Each patient was screened three ways: by means of a standard colonoscopy; a commercially available fecal test (FIT); and the new DNA test, which requires patients to collect their own stool sample at home and mail it in for laboratory analysis.
In the end, colonoscopy screenings -- considered the gold standard of colon cancer screening -- revealed colon cancer in 65 participants, while another 757 were found to have advanced precancerous lesions.
The new DNA test accurately detected 60 of those 65 cancers. The FIT test spotted only 48 cancers, with an accuracy rate of 74 percent compared to 92 percent for the new test.
The DNA test was less accurate with respect to precancerous lesions, spotting about 42 percent of cases. Yet that still topped FIT, which detected roughly 24 percent of precancerous lesions. Cologuard's sensitivity was 69 percent for precancerous polyps most likely to progress to cancer versus 46 percent for the FIT test.
However, the DNA test was more likely to falsely suggest the presence of cancer than either a colonoscopy or FIT testing.

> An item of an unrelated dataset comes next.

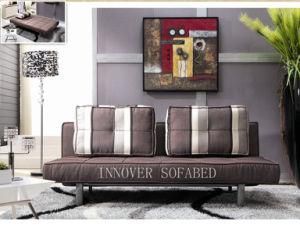 Sofabed. Function Sofa,Modem Sofa (A78)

"It [the DNA test] is not a perfect test," Itzkowitz acknowledged. "But neither is a colonoscopy. Also, I don't think we're saying that this test should be done as a replacement for a colonoscopy, but rather as an adjunct. Certainly if a person who does this test comes out with a positive reading then they will need to do a colonoscopy afterwards to confirm it."
Dr. Frank Sinicrope, a professor of medicine and oncology at the Mayo Clinic in Rochester, Minn., said, "These data demonstrate the superiority of stool DNA testing compared to FIT for colorectal cancer screening."

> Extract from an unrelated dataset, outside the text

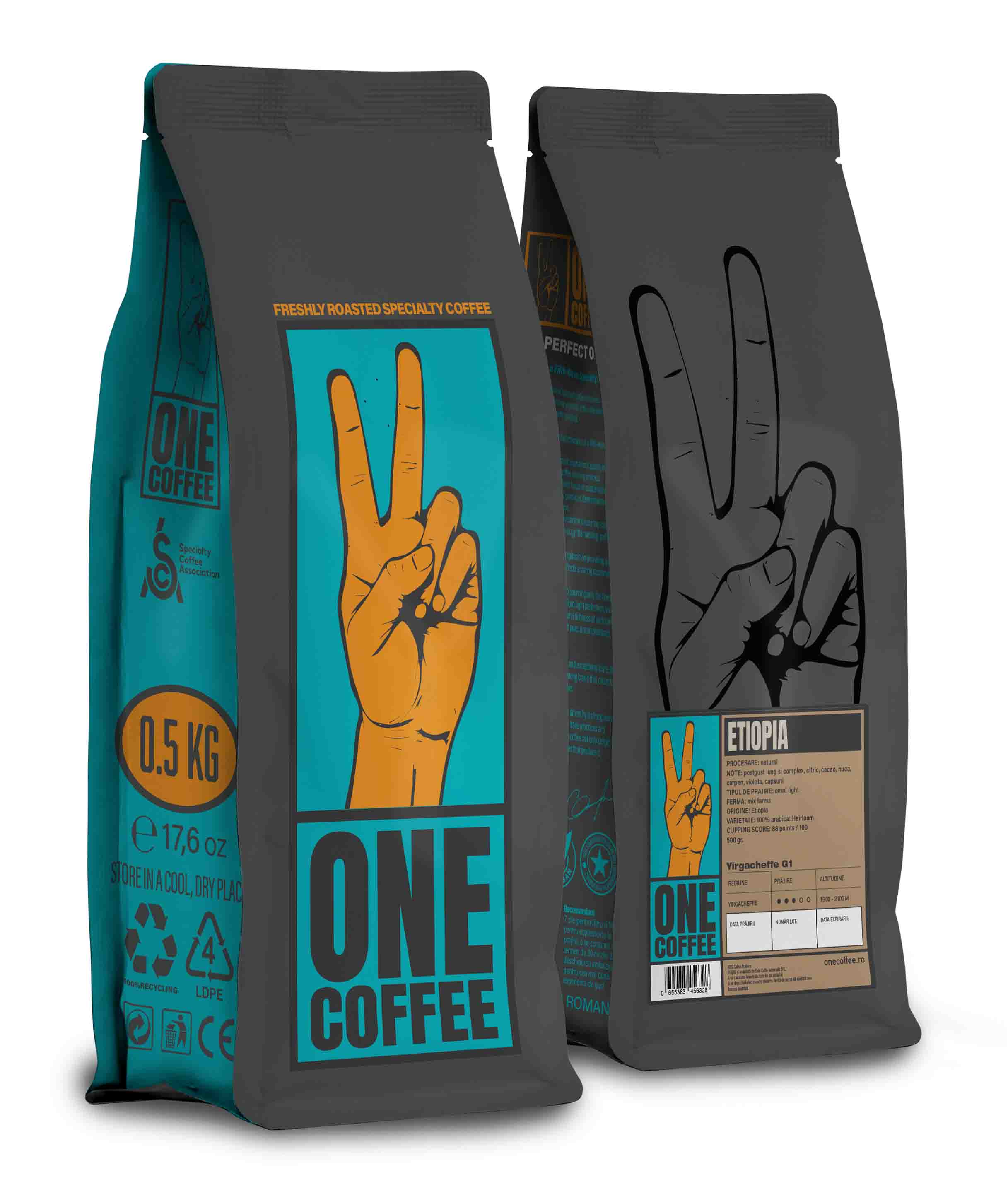 cafea-boabe-etiopia-yirgacheffe-g-1-de-specialitate-one-coffee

Sinicrope, who was not part of the study team, also suggested that the Cologuard method might offer some advantages over standard colonoscopies.

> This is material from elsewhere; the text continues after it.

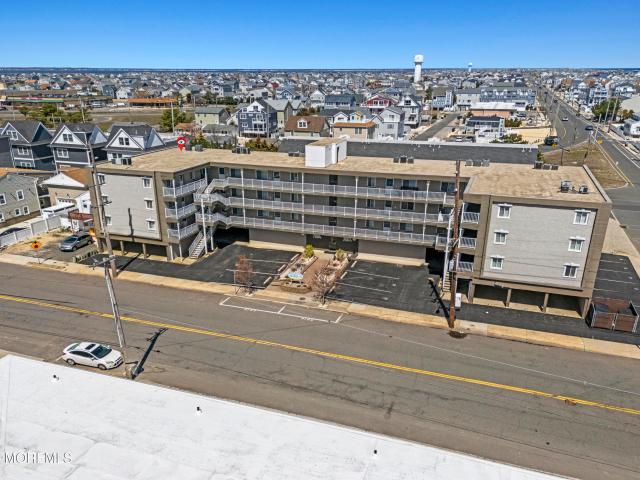Condo for sale in Seaside Heights, New Jersey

In particular, he pointed to the DNA test's success in identifying certain advanced-stage polyps, noting such precancerous growths are typically flat and "located in the right side of the colon and are difficult to detect at colonoscopy."
Nevertheless, Sinicrope said there are still "important issues that await further research."
Those would include determining how best to deal with false positive results and establishing how often patients should take the DNA test to maximize its screening potential.